Avalancheとは

Avalanche(アバランチ)は、分散型金融(DeFi)のプラットフォームを目指すパブリックブロックチェーンだ。独自の仮想通貨「AVAX」を導入し、イーサリアムにおける「Ether」と同様に、アバランチを使用する際の手数料やステーキングの報酬として活用されている。

AVAXを使ったパブリックセールでは、4200万ドルを調達し話題となった。AVAXはアバランチを使用する際の支払い手段として用いられるが、使用後にはバーン(焼却)される仕組みとなっている。これは、1枚あたりのAVAXの価値を長期的に上昇させるためだ。

つまり、アバランチが使用されるほどAVAXの価値は高まる仕組みとなっており、エコシステムの拡大を促進する仕掛けが施されているのである。

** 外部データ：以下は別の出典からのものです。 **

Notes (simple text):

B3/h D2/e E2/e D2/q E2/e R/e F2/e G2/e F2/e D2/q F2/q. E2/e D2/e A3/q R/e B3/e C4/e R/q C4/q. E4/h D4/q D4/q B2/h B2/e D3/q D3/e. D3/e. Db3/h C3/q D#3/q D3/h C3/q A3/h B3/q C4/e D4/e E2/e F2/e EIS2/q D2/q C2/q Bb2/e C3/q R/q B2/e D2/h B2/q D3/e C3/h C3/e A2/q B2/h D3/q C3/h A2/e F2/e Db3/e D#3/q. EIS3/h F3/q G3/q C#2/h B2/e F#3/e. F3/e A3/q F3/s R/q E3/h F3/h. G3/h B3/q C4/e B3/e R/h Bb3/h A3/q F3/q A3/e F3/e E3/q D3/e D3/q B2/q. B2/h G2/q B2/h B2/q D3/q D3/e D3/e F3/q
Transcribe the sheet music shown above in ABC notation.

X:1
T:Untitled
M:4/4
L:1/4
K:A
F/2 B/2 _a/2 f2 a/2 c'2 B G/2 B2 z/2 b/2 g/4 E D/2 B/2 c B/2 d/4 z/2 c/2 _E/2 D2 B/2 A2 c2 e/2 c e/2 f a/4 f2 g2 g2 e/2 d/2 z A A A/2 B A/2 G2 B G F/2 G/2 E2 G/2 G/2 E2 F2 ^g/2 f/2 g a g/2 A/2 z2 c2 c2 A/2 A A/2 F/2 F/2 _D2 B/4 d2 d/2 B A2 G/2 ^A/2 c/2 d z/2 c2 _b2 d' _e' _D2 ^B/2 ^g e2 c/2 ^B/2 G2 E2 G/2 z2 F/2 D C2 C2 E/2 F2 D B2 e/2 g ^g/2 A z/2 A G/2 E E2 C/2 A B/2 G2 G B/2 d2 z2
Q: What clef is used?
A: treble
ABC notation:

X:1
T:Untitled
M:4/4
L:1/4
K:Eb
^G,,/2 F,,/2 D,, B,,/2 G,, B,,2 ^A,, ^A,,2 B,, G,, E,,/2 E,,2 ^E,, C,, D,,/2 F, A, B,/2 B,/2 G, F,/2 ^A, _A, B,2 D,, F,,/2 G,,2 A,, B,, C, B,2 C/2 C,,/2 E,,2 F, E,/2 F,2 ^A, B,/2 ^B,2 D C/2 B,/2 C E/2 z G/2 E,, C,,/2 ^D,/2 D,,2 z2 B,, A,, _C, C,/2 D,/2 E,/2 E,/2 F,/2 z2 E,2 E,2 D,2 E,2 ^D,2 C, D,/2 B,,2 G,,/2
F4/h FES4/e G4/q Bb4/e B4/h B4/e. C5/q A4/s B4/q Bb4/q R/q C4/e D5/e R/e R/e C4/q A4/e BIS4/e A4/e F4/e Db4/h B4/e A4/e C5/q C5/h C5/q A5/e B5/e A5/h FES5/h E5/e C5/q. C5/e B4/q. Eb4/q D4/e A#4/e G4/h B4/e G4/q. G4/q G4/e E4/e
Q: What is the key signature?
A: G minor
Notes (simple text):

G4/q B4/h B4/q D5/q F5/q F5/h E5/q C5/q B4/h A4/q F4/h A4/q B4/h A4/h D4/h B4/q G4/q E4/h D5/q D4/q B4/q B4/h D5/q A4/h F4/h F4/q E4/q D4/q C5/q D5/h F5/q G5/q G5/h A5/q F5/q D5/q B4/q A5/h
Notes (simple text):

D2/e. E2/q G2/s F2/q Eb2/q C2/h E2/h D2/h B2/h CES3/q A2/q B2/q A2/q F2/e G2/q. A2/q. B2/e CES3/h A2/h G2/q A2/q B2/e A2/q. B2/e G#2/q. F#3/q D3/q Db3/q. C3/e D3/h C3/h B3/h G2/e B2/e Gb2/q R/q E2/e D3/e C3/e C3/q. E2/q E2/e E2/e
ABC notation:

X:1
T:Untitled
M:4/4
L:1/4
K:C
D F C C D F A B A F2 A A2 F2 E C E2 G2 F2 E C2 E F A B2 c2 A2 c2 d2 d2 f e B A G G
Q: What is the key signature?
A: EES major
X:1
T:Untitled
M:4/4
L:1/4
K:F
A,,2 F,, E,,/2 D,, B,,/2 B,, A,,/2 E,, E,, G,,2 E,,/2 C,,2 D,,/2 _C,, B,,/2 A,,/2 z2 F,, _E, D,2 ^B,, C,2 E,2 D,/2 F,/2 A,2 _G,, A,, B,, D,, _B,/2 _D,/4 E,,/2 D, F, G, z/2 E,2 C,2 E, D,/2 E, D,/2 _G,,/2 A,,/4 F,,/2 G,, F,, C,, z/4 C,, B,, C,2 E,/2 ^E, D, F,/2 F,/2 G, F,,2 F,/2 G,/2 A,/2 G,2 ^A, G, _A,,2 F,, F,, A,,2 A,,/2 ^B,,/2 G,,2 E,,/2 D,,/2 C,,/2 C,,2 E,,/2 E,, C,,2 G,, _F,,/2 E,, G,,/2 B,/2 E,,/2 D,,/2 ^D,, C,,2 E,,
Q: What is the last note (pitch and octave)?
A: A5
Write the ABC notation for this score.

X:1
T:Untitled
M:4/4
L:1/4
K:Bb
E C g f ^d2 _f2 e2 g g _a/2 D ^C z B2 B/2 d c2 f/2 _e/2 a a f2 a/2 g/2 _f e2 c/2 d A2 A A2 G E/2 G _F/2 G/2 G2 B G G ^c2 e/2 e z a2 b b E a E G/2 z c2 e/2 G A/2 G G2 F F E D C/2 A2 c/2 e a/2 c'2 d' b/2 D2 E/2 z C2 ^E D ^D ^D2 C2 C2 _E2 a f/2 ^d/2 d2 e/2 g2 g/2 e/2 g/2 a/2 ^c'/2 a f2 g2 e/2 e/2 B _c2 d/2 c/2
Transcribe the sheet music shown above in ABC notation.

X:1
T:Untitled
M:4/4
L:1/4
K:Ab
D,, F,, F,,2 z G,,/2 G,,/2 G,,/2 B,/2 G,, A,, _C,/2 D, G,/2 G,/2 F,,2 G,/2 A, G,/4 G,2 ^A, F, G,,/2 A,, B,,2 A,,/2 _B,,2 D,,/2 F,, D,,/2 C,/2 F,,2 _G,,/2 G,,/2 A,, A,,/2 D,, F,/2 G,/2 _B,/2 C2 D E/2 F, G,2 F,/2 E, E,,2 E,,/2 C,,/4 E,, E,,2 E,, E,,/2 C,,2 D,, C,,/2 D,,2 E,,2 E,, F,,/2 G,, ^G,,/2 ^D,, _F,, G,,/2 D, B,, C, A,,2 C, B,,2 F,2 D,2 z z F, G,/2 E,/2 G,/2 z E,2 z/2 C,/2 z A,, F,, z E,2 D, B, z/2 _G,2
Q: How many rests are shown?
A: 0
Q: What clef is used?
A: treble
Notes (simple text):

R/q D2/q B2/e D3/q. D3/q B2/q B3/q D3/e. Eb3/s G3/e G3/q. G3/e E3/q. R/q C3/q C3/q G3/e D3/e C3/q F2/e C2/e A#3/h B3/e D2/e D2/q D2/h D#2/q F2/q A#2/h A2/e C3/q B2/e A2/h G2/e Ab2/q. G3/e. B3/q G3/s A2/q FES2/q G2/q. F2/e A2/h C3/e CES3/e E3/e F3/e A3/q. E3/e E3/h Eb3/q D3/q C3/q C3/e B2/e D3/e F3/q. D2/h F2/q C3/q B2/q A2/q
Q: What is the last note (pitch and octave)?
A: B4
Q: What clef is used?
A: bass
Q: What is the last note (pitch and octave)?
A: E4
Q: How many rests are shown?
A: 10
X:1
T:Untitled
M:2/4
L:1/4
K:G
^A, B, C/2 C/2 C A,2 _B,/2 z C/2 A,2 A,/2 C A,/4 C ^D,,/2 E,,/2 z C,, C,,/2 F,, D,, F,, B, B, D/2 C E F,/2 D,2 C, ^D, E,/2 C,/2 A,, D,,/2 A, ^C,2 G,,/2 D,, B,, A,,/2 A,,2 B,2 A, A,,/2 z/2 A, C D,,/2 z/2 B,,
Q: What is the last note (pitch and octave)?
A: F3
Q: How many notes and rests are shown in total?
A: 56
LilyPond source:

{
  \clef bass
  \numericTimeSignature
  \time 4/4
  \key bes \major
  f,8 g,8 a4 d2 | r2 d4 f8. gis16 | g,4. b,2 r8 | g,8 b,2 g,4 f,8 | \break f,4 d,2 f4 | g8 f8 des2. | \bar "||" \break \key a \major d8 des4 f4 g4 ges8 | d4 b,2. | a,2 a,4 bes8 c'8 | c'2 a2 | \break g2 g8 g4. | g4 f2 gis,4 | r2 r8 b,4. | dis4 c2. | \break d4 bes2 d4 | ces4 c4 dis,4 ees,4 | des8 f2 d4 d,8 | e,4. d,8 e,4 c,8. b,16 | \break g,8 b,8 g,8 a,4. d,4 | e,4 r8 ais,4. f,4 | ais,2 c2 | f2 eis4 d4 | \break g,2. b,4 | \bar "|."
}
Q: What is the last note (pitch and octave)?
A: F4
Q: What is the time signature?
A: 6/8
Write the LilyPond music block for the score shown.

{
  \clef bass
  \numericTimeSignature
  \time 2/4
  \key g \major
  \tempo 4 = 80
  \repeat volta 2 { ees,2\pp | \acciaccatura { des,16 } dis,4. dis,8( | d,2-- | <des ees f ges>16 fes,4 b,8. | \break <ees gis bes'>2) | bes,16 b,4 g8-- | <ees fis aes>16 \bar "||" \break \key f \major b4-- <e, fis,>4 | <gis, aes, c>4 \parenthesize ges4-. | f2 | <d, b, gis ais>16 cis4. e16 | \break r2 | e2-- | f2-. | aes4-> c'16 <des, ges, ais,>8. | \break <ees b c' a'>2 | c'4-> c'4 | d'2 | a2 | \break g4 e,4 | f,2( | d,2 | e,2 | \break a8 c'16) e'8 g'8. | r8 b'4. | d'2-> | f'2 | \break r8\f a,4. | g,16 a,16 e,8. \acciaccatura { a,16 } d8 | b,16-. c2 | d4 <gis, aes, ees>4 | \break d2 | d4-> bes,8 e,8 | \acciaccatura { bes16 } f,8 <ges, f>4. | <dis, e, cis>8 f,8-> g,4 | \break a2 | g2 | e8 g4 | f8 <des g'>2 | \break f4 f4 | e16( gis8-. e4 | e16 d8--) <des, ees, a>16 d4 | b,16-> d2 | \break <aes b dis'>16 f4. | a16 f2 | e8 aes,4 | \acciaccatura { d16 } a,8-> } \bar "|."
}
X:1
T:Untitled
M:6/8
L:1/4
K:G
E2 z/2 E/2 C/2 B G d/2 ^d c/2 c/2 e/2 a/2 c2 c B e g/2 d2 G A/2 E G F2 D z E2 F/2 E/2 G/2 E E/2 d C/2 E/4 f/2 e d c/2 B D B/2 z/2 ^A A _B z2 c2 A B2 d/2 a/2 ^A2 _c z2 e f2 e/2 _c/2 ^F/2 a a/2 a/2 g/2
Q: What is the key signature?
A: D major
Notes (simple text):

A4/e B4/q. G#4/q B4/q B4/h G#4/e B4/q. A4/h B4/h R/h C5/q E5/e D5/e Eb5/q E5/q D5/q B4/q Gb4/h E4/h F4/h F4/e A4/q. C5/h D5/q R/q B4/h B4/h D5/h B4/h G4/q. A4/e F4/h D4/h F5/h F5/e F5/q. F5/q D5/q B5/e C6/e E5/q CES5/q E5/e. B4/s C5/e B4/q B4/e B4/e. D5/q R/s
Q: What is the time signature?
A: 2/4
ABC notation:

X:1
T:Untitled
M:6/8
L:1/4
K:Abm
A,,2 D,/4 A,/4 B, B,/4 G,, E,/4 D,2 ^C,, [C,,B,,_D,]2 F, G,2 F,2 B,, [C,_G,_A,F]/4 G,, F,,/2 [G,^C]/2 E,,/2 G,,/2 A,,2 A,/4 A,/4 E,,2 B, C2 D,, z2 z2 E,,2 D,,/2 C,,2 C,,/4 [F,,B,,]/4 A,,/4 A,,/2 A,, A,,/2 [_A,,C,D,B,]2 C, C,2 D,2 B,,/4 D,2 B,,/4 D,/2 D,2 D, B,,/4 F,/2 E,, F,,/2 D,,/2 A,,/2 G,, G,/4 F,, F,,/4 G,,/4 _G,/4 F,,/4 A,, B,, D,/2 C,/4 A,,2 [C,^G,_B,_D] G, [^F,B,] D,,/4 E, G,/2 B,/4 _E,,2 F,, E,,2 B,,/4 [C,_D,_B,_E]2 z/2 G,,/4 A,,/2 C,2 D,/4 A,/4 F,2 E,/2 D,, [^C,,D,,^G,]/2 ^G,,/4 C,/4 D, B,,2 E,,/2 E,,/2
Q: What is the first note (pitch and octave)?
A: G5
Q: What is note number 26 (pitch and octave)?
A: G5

アバランチの開発を主導するのは、ニューヨークのブルックリンを拠点に活動するAva Labsだ。Ava Labsは、ビットコインを発明したサトシ・ナカモトの影響を受け発足した組織であり、Team Rocketという匿名グループに端を発する。

Team Rocketの名称は、日本の人気アニメ「ポケモン」の主人公サトシのライバルであるロケット団に由来するという。決してビットコインに対立しようとする組織ではなく、ビットコインを超えるブロックチェーンを生み出そうという気概の元に発足している。


Avalancheの処理能力はVisa決済システム並み

ビットコインやイーサリアムをはじめ、多くのブロックチェーンはスケーラビリティ問題を抱えている。分散型台帳の特性から、1秒あたりに処理できるトランザクションの数に限りがあり、即時処理ができない状況に陥っているのだ。

その結果、即時処理を行うために取引手数料を高く設定せざるを得ず、日々手数料の高騰が起きてしまっている。2021年4月時点で、ビットコインは秒間7トランザクション、イーサリアムは15トランザクションしか処理することができていない。

クレジットカード大手Visaの決済システムでは、秒間4000〜6000トランザクションを処理することができると言われており、ビットコインやイーサリアムと比べて文字通り桁違いの性能を誇る。

このスケーラビリティ問題を解決すべく誕生したのがアバランチだ。アバランチは、既に秒間4500トランザクションを処理することに成功しており、他のブロックチェーンとは段違いのスケーリング性能を実現している。

アバランチがスケーラビリティ問題の解決に取り組む理由は、イーサリアムやその他のブロックチェーンがDeFiに適した状態にないためだ。Visaのような既存金融の場合、全世界の人々の需要に応えなければならず、安定したリアルタイム決済の環境を整備しなければならない。

現状のDeFiは秒間15トランザクションしか処理できないイーサリアムに依存しており、DeFiが既存金融と同程度の市場規模に成長したとしても、とても全世界の人々の需要に応えることはできないだろう。DeFiで数百円を送金するのに数千円の手数料がかかったり、数時間の待機時間が発生したりしているのだ。

スケーラビリティ問題を解決するために誕生したブロックチェーンは、他にもいくつか存在する。例えば、近年人気を集めるバイナンス・スマート・チェーン(BSC)があげられるだろう。

バイナンス・スマート・チェーンは、大手仮想通貨取引所バイナンスが開発したDeFiのためのブロックチェーンプラットフォームだ。高いスケーリング性能と安価な取引手数料を実現している。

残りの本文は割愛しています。